Start of DATASET CONTENT

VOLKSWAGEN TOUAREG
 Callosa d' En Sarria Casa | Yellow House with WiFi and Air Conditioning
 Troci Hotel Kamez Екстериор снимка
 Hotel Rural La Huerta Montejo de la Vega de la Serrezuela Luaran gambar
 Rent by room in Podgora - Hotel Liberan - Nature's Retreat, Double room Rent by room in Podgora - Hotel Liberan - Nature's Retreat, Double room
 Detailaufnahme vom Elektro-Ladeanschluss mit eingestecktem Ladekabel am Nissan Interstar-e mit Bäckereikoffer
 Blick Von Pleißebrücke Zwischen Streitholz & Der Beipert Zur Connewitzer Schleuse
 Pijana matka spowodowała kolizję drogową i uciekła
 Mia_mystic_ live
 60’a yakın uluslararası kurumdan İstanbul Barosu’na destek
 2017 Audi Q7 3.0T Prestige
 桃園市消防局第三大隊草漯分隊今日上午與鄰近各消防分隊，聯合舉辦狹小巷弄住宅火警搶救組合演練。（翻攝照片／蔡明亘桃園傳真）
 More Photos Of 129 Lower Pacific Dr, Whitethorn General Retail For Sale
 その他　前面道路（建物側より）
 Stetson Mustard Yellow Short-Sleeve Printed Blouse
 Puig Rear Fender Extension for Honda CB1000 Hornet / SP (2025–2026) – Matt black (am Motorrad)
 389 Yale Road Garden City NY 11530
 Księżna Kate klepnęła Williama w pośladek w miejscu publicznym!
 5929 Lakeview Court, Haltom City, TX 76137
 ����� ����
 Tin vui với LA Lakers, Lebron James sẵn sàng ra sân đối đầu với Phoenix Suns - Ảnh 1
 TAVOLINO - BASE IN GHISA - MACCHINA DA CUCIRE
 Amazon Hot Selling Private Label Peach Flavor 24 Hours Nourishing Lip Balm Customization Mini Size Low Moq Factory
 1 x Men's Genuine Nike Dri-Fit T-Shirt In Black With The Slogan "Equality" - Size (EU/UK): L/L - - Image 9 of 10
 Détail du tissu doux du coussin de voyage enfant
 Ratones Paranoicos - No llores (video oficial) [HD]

End of DATASET CONTENT

EXERCISE: From the line holding "More Photos Of" through the final line of the data above, copy every line exactly as written. Include nothing else.

EXERCISE OUTPUT:
 More Photos Of 129 Lower Pacific Dr, Whitethorn General Retail For Sale
 その他　前面道路（建物側より）
 Stetson Mustard Yellow Short-Sleeve Printed Blouse
 Puig Rear Fender Extension for Honda CB1000 Hornet / SP (2025–2026) – Matt black (am Motorrad)
 389 Yale Road Garden City NY 11530
 Księżna Kate klepnęła Williama w pośladek w miejscu publicznym!
 5929 Lakeview Court, Haltom City, TX 76137
 ����� ����
 Tin vui với LA Lakers, Lebron James sẵn sàng ra sân đối đầu với Phoenix Suns - Ảnh 1
 TAVOLINO - BASE IN GHISA - MACCHINA DA CUCIRE
 Amazon Hot Selling Private Label Peach Flavor 24 Hours Nourishing Lip Balm Customization Mini Size Low Moq Factory
 1 x Men's Genuine Nike Dri-Fit T-Shirt In Black With The Slogan "Equality" - Size (EU/UK): L/L - - Image 9 of 10
 Détail du tissu doux du coussin de voyage enfant
 Ratones Paranoicos - No llores (video oficial) [HD]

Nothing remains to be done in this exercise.